U.S. ranks near last in value-based healthcare, report says

By Erin McCann
09:52 AM

A report released Wednesday from Boston Consulting Group shows the United States trailing behind eight countries with regards to value-based care adoption, suggesting criticism of the U.S. healthcare system may be merited.

The Boston Consulting Group (BCG) study examined the progress of 12 industrialized countries in adopting value-based healthcare – an approach experts say would improve health outcomes while also reducing the industry’s expenditures. 

The report, title, "Progress Toward Value-Based Health Care: Lessons from 12 Countries," evaluates national health systems along two dimensions. 

The first is the degree to which key supports of value-based healthcare are in place at the national level – for example, common national standards and IT infrastructure, national legal and consent frameworks, the ability to link health outcomes with costs and high engagement on the part of clinicians and policymakers. 

[See also: Value-based purchasing elicits favor, concern among healthcare execs.]

The second is the quality of a country’s existing disease registries – institutions that track selected health outcomes in a population of patients with the same diagnosis or who have undergone the same medical procedure – both in terms of the richness of the data and the sophistication of the medical community’s use of the data.

“When it comes to implementing value-based healthcare, Sweden is the most advanced country of the 12 we studied, followed by Singapore, Canada and the U.K.,” said Neil Soderlund, a BCG partner and coauthor of the report. “By contrast, Germany and Hungary have the furthest to go.”

The U.S. health system, which has the highest per capita costs of the 12 nations studied and spends 17.6 percent of GDP on health care, is also one of the laggards in the group. 

Some experts say the fragmented nature of the U.S. healthcare system has limited the collection and use of national health-outcome data. “Reporting standards and clinical outcome metrics differ substantially across the system, even within the same specialty,” said Peter Lawyer, a BCG senior partner and coauthor of the report. “There currently exists no national mechanism for compelling providers to report outcomes to disease registries. Nor is there a unique patient identifier in place that would enable research to combine data across different disease states to examine the effect of complex comorbidities.” 
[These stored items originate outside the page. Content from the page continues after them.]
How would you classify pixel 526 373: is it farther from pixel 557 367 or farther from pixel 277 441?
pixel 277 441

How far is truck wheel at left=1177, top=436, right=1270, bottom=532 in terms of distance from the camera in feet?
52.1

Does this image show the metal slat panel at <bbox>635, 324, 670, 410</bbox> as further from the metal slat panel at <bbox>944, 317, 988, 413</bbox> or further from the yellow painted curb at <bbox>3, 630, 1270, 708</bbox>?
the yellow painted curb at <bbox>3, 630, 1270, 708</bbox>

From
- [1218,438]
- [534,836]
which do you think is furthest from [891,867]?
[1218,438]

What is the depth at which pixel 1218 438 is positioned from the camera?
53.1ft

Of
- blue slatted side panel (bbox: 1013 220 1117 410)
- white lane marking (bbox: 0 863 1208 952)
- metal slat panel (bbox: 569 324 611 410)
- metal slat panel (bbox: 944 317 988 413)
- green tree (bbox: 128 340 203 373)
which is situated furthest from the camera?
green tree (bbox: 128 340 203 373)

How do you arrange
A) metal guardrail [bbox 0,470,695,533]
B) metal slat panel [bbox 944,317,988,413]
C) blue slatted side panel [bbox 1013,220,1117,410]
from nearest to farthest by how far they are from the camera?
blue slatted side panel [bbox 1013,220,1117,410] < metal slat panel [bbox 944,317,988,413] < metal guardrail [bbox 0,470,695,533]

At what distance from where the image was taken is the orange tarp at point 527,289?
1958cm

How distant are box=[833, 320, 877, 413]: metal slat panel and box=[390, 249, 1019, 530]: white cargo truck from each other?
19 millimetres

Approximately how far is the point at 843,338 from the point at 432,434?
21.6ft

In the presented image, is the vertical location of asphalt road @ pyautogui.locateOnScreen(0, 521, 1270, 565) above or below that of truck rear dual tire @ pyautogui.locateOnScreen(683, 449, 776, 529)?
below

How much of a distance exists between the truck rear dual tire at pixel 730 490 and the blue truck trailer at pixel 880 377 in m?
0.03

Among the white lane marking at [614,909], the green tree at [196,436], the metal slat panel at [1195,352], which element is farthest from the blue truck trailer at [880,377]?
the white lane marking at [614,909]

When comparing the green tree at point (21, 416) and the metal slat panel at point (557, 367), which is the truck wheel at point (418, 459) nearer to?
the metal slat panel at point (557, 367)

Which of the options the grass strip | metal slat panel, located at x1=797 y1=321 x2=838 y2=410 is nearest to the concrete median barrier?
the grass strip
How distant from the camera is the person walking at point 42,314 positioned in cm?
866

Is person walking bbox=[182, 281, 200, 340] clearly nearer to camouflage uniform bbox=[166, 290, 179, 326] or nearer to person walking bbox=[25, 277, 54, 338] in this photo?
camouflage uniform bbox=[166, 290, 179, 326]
“We learned that a number of countries have begun to build the infrastructure and processes to support a value-based approach, but some are significantly farther along the learning curve than others,” said Stefan Larsson, MD, a BCG senior partner and coauthor of the report. 
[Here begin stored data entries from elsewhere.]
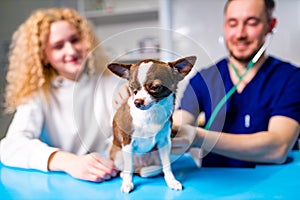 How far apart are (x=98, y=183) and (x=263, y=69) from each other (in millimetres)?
547

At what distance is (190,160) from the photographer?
615mm

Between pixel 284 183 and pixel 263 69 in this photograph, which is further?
pixel 263 69

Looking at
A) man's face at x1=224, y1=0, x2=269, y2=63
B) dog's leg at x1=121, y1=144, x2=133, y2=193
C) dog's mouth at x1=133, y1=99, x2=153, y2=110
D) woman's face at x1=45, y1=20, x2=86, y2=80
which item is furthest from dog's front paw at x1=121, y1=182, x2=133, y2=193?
man's face at x1=224, y1=0, x2=269, y2=63

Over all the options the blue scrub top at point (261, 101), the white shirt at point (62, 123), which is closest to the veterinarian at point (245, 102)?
the blue scrub top at point (261, 101)

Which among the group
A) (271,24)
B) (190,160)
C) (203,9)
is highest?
(203,9)

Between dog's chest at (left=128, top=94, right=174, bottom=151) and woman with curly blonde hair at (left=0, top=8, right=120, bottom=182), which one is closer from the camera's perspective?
dog's chest at (left=128, top=94, right=174, bottom=151)

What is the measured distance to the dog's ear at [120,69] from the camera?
1.25 feet

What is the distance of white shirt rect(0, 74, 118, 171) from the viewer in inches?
18.2

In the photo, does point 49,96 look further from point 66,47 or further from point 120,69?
point 120,69

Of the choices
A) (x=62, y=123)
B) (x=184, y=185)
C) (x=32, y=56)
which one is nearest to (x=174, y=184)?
(x=184, y=185)

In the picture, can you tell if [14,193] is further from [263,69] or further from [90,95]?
[263,69]

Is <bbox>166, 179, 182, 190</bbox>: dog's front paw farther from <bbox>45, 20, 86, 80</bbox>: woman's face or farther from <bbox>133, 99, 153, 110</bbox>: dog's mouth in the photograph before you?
<bbox>45, 20, 86, 80</bbox>: woman's face

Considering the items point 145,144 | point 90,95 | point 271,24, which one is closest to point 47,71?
point 90,95

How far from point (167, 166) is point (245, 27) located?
392 millimetres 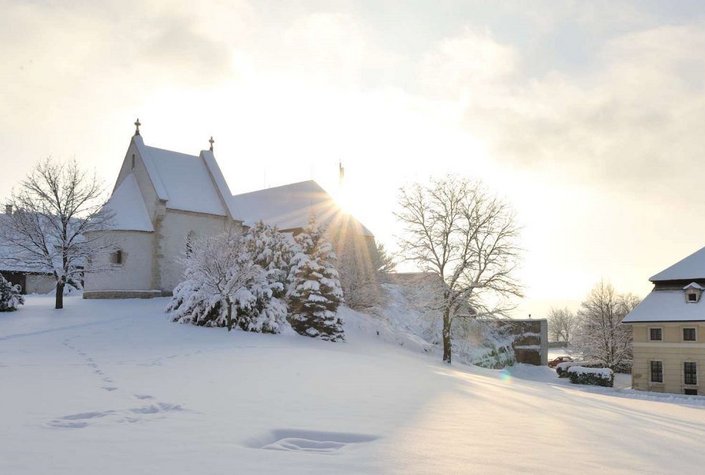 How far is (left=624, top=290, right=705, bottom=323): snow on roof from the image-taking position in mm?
35250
The challenge for U.S. healthcare executives and regulators is how to close the gap with the rest of the world. “Notwithstanding the politics of health care reform, reimbursement is moving from a volume basis to outcomes,” noted Martin B. Silverstein, MD, a senior partner and former global leader of BCG’s Health Care practice.

[See also: Healthcare and the election.]

For more widespread and systematic use of disease registries to take hold, key stakeholders will need to champion them, he added. “National medical societies, in particular, have a leadership role to play,” said Silverstein, “both in creating uniform standards for data collection and in securing broad support and participation of practicing clinicians.”

The federal government can also support registries, he said, “by creating a legislative and regulatory framework that facilitates their establishment and by providing seed funding to get them up and running.”